# Washing wool Hudson's Bay blankets?



## Lisa in WA (Oct 11, 2004)

I have a wool HB blanket and I really don't want to take to the cleaners as I have in the past. I hate the smell of the chemicals they use. I'm thinking about putting it in my front load washer on delicate and using a special wool detergent I use for my daughter's wool saddle pads and then hanging it on my clothes line. What do you think?
I could put fabric softener in the rinse water. It helps the fibers regain their original shape.


----------



## TurnerHill (Jun 8, 2009)

Use cold water. Heat + agitation = fulling. Which you don't want.
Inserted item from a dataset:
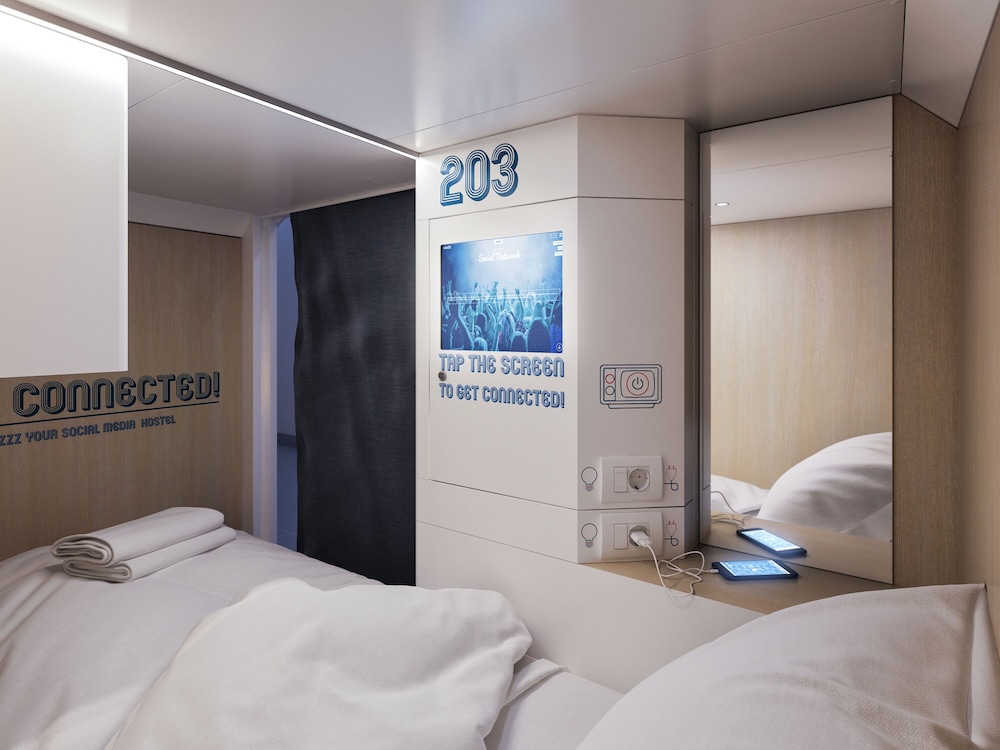 CAPSULE, MIXED DORM, STANDARD, SHARED BATHROOM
We use old wool German army blankets at the camp, and wash them in cold water and hang them to dry, and they come out fine.

BTW, cool avatar.


----------



## Danaus29 (Sep 12, 2005)

Cold water and Woolite. My grandma washed many many wool blankets that way. Some are over 50 years old and still nice.


----------



## grannygardner (May 4, 2005)

I wash my wool blankets in my front loader on delicate. I put it on the lowest spin cycle with no problem. Cold water only.


----------



## mpillow (Jan 24, 2003)

We hang them out on a rainy day at camp and let the weather have them 'til dry...often a week or more. Some ZOTE on the dirty spots....


----------



## Wis Bang (Feb 20, 2009)

Mom always cold water washed army blankets & the occasional woolrich shirt in her machines as I was growing up.


----------



## Lisa in WA (Oct 11, 2004)

It worked!
I washed it on ultra delicate with Melp detergent (specially made for sheepskins, so I figured it would work well) and used fabric softener, tehn hung it on the line in a stiff breeze. It didn't shrink and it smells clean... not like dry cleaning chemicals. 
We'll use it tonight..our night time temps are going down into the 40's. I love being under a wool blanket on a chilly night.


----------